The 7 Pillars Needed to Build Game-Changing Education Systems
We partnered with the Texas Education Agency (TEA) to implement a statewide, K-12 student data system. To scale a system at the state level, the foundation leveraged its past experience with districts and charter management organizations focused on performance. I’d like to say that the creation of the Texas Student Data System (TSDS) and the studentGPS® dashboards was a process that flowed smoothly without interruption or challenge.
But let’s face it: When you’re building a data system that, by the year 2020, will serve 1,237 school districts, 407,000 educators and 5 million students, things can get a little messy. The challenges and the daily surprises that came with scaling such a system were the types of things that kept us all up at night.
I could talk for days explaining the intricacies of the TSDS project, but if someone really wants insight on building a statewide, game-changing system, they’re best served by knowing—at the beginning of their process—what we have learned after six years.
The seven pillars:
- Commitment: Above all else, you have to remain committed to the mission of the project—benefitting students and teachers—because the choices along the way are complicated. It will require extraordinary patience at times. Secondarily, you need to remember four things: Vision, money, policy and people.
- Vision: You’ve got to have a clear, shared vision from the start, foresight and clear objectives, as well as the ability to see things accurately—and not allow perceptions or decisions to be clouded by misinformation or bias. Stay focused on your destination and route. Continuously evaluate plans and action items. You can’t always work in reactionary mode, but must allow enough flexibility to adjust your plan when it’s appropriate.
- Budget: When it comes to budgets, data systems are like home renovations. They always take at least two months longer and cost 20 percent more than you thought they would. Actually, TSDS would be the equivalent of remodeling the entire neighborhood!
- Change Management: State education agencies and school districts have to be realistic about the true cost of ownership of an educational data system. A comprehensive budget takes into consideration the entire system architecture, delays, scale (even when the original purchase is an off-the-shelf solution, which will always require customization), training and ongoing tech support needs. It also costs a lot of time and money to create a data-driven culture. Teachers must be given the support and time to figure out how the new intuitive tools can inform classroom instruction and benefit students. Shifting to a culture of data requires hands-on change management.

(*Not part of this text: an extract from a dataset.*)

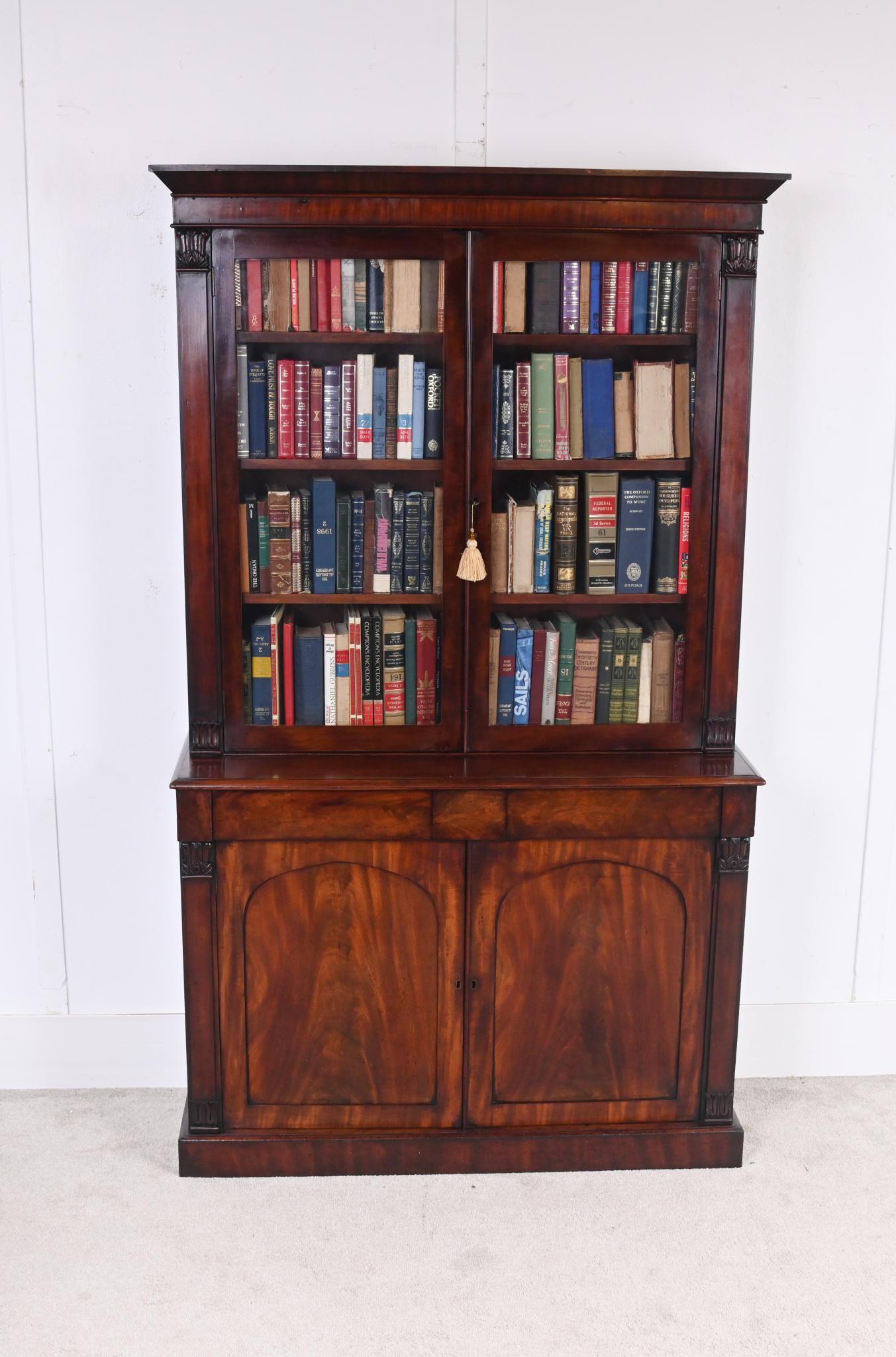 Victorian Mahogany Library Bookcase Glazed Doors Cupboard Base 1840 For ...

- Collaboration: Never underestimate the complexity of collaborating in a state education agency environment. Unfortunately, politics and policy have created behaviors and expectations that don’t align with student-centric learning outcomes. With TSDS, it seemed there was a new group of stakeholders every day to engage and then manage long-term – legislators, educators, state education agency IT decision makers, business decision makers, service centers and districts. With the dedicated project leaders at the TEA, we became masters at maneuvering through the bureaucratic complexities of legal agreements and contracts. All of those things have dramatic implications for the project timeline. Our initial shared focus with TEA was on people who were going to use and consume the data, but we learned that the long-term success of the system is also largely dependent upon those who will support it—including government.
- People: Remember, you’re not only building a system of data, you’re also building a system of people to understand, analyze and use the data. The right people—leaders, internal team members, partners, vendors— with the right capabilities shape teams with the capacity to implement a system of this scale. Hire the wrong team, and your project will fail.
- Advocacy: The final thing to note is that educators are the ones who’ll put the data to use, so demonstrate the power of the dashboards by showing teachers their own students’ data, not Jane Doe’s. You absolutely have to invest in training– but enable educators to become data advocates first. Gather every teacher, and show them how the data will help them help their students. Show them the power of student profiles, and time and time again, you’ll see teachers get excited about what’s possible.